What does it mean to be a spiritual person? I ask that because when I talk to my nephews, nieces, and other relatives about going to Church they answer, “I’m a spiritual person but I’m not religious.” Which translates, as near as I can tell, as I have my own way of connecting with God that doesn’t include going to Church. Observing them I would say that a spiritual person according to this definition is someone who has moral values, who lives a good life and who realizes that there is a higher power at work in the world. All good things. But is it enough? I’m reminded of a story that might be apt for this Fathers’ Day. It seems that young Timmy was frightened one night during a big thunderstorm. Terrified, he called out from his room, “Daddy, I’m scared!” His father, not wanting to get out of bed, called back, “Don’t worry, Son. God loves you and will take care of you.” There was a moment of silence. The little boy said, “I know God loves me, but right now, I need somebody with skin on.” Today’s feast of Corpus Christi is a way of talking about Catholic spirituality as a spirituality with skin on.
Jesus is, after all, the presence of God with skin on. Because of Jesus when we talk about God we can no longer imagine that God is somehow or other above it all, out of the realm of ordinary human existence. The life of Jesus demonstrates that God has chosen to participate in our lives with a body, in all of our fleshiness. God is into our stuff. Hence, a Christian spirituality must reflect the embodied, the incarnate, the flesh and bones nature of God’s presence. Not for us a spirituality lost in the realms of the heavenly choirs and angel hosts. Not for us a spirituality found in secret texts and specialized knowledge. No, a spirituality which follows after the life of Jesus will of necessity include crying babies, dealing with refugees, working class families, repressive government, human suffering, grief and loss. Since those things characterized the life of Jesus, they will be a part of the life of the followers of Jesus. A spiritual person after the pattern of Jesus will be inserted directly into the nitty gritty of human life.
Which helps us to understand the feast that we celebrate today, the feast of Corpus Christi, the feast of the body and blood of Christ. Jesus knew that our life in God needed to stay grounded, needed to remain a part of the world that we experience. What better way to do that than to use the basics of life – food, drink, water, oil – as the access points into divine reality. In particular today, we have thrust in front of our nose the reality that we find God in something as fundamental as eating a meal. Jesus says in the gospel of God, “My flesh is true food and my blood is true drink.” The spiritual life of a follower of Jesus it to be found in the physical reality of human life. Each Sunday as we come to Church we participate in the very life of Jesus in the act of eating and drinking. “Anyone who eats my flesh and drinks my blood remains in me and I in them.” The characteristic of a Christian’s spiritual life is that it is embodied – not aloft on some spiritual plane above it all but part and parcel of the physical world that we know. Spiritual and physical, human and divine, heaven and earth. Receiving Holy Communion, therefore, is the merging of the world that we know and the world that is to come – life and eternal life experienced as not two distinct realities but as part of a continuum. “Whoever eats this bread will live forever.”

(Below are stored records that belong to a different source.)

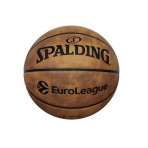 Spalding Euroleague Ολυμπιακός Μπάλα Μπάσκετ Καφέ, Μαύρη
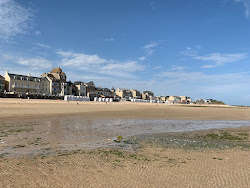 Photo de Saint Aubin sur Mer Beach avec rivage droit, long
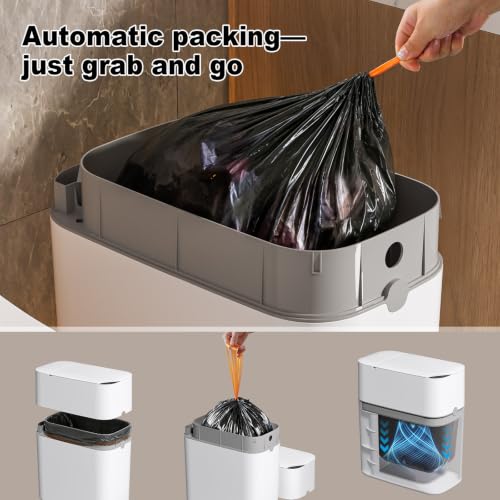 3.5 Gallon Slim Smart Small Plastic Trash Bin
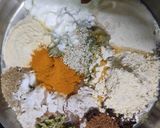 A picture of step 1 of Dhebra gujrati dish.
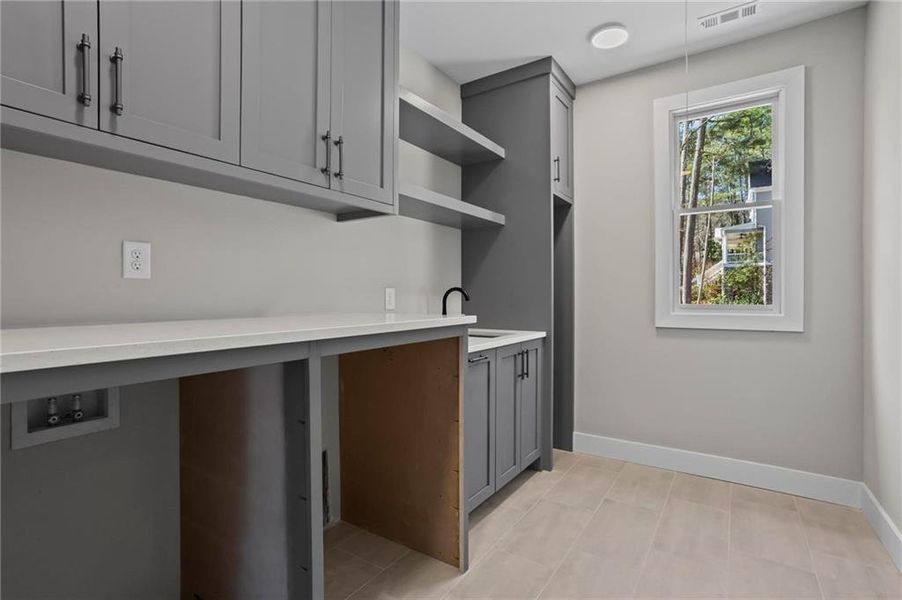 Furnished interior view inside a new home in , Atlanta (Image 19).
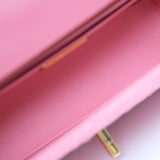 HOLD | Chanel Mini Rectangle Python Pink GHW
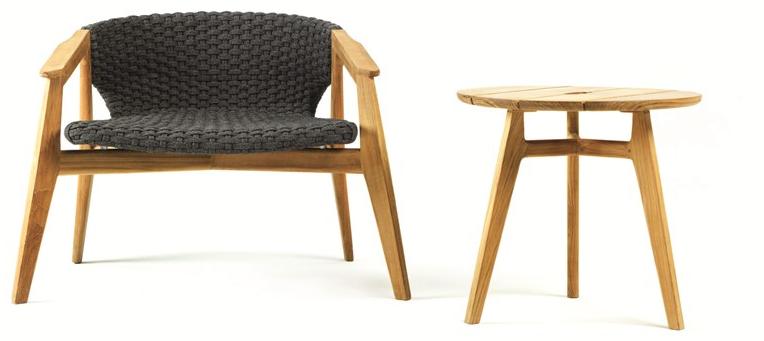 Ethimo Садовое кресло из синтетической ткани с подлокотниками Knit Knitpo01 - Вид №19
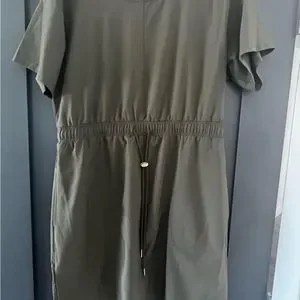 Calvin Klein | Dresses | Calvin Klein Dress Army Green Stretch Waist Short  | Poshmark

The very physicality of the body and blood of Christ that is the Holy Eucharist serves as a vivid reminder that our spiritual life as Christians must take into account the earthly realm as the medium of God’s presence. Some of the implications of that include: first, that our participation in receiving the body of Christ in Communion is reflected in our participation in the body of Christ as community, as the Church. It is no accident that both the Blessed Sacrament and the Church are both referred to as the Body of Christ. The only authentic way to understand the gift of the Eucharist that Jesus left us is to become the one body we are meant to be. As St. Paul puts it, “because the loaf of bread is one, we, though many, are one body.”
Second, our spiritual life nourished by the Holy Eucharist involves us in an ongoing task of conversion, of transformation. I keep going back to the prayer of St. Augustine. When he would hold up the Blessed Sacrament he would declare, “Behold who you are.” Yes, our reception of Holy Communion makes us participants in the very life of Christ. The nourishment of the Sacrament becomes our very flesh and bones, as all food does. You are what you eat. But he would then add, “Become who you receive.” Our reception of Holy Communion makes a demand on us. Our actions and attitudes are to change in order to better reflect the reality of who we are and whose we are. We must grow into our true identity as the body of Christ.
Finally, a spiritual life nourished by the Holy Eucharist must remain in touch with all the hungers of the human heart. We understand that those hungers – physical hunger for food, for shelter, for safety; spiritual hunger for forgiveness, for consolation, for acceptance – all have a claim on us. Since we are nourished at the table of the Lord we must extend a hand in loving service to those clamoring in their need. The Blessed Sacrament is not our prized possession to cling to but a bounteous gift that is meant to be given away.
For a follower of Jesus our spiritual life must be concrete. The feast of Corpus Christi tells us the Spiritual life of a Christian has skin on.